David Miliband, CEO of the International Rescue Committee, echoed the US ambassador, expressing relief at the cross-border renewal that will guarantee assistance during the winter, but stressed that the six-month extension “will again be short-lived.”

In addition to pushing for more cross-border aid deliveries, Russia has also pushed for early recovery projects in Syria. Guterres said in the December report that at least 374 early recovery projects have taken place nationwide since January 2021, directly benefiting more than 665,000 people, but he said more is needed.

The resolution also calls on all UN member states to respond to Syria’s “complex humanitarian emergency” and address the urgent needs of the Syrian people “in light of the profound socio-economic and humanitarian impact of the COVID-19 pandemic .”

Russia has repeatedly said that the cross-border aid deliveries that began in 2014 were temporary.

In July 2020, China and Russia vetoed a UN resolution that would have kept two border crossings from Turkey for humanitarian aid to northwest Idlib. Days later, aid delivery was reduced to just the Bab al-Hawa crossing for a year as they demanded.

In July 2021, Russia pushed for a further reduction, eventually agreeing to a six-month extension for a further six months, subject to a report from the Secretary General on the progress of cross-line deliveries. But last July, Russia pushed for UN permission for just six months.
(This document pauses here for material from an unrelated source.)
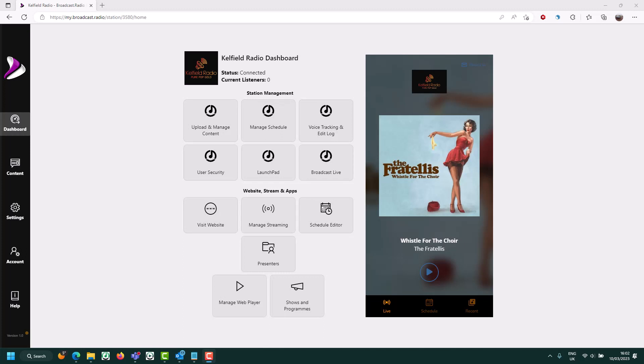The way this works is we're going to create a special media item that doesn't use an audio file as its source, but instead a live stream. Once we have that media item, we can either drag it into the log for playback, or we can schedule it using the Myriad Schedule module. So let's get started.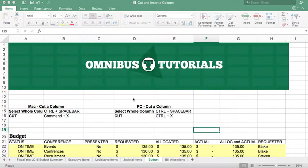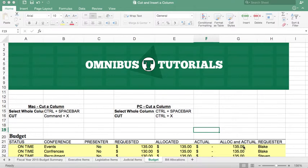Hey guys, Henry from Omnibus Tutorials here and today I'm going to teach you how to cut a column. We're going to pick up where we left off again helping Charlie, my brother, with his budget.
In Syria, an Idlib-based doctor welcomed Monday’s vote.

“The decision to deliver aid across the border is the only real lifeline for northern Syria, especially for the medical sector,” said Safwat Sheikhouni.

Had the resolution not been extended, it would have been a “catastrophe” for local residents, as it would have led to the closure of most humanitarian organizations’ offices, he said.

Associated Press writer Bassem Mroue in Beirut contributed to this story.